The Charlotte Observer, N.C. - December 3, 2009

Dec. 3--Three environmental groups have filed a federal lawsuit intended to publicly release information about coal ash basins owned by Duke Energy and several other utilities.

In June, the Environmental Protection Agency identified 44 of the basins, which hold ash mixed with water, as "high hazard." Ten of those are Duke's. The designation doesn't mean the basins are likely to fail, but might kill people if they collapsed.

EPA had sought information on the basins after a massive spill of coal-ash sludge by the Tennessee Valley Authority a year ago. Coal ash holds potentially toxic material.

Duke said it submitted the information to EPA, but asked the agency to keep private the size and other physical aspects of its ash basins. That information could help competitors glean insights into Duke's operations, the company says.

Duke spokesman Andy Thompson said regulators have enough information to judge the basins' safety.

"We believe the regulatory bodies are best suited to ensure that utilities are operating their facilities in compliance with state and federal regulations," he said.

The Sierra Club, the public interest law firm Earthjustice and the Environmental Integrity Project sued the EPA in federal court in San Francisco on Tuesday to force the EPA to release the information. The groups say the public deserves to know more about structures that could fail.

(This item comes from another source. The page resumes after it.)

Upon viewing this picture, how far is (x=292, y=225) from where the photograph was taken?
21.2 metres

"Most utilities have already provided EPA with exactly the same data that Duke, First Energy and the Southern Company subsidiaries are trying to keep the public from seeing," said Eric Schaeffer of the Environmental Integrity Project.

Among the basins on the EPA's high-hazard list are those at Duke's Allen and Riverbend power plants on the Catawba River in Gaston County, and the Marshall plant on Lake Norman in Catawba County.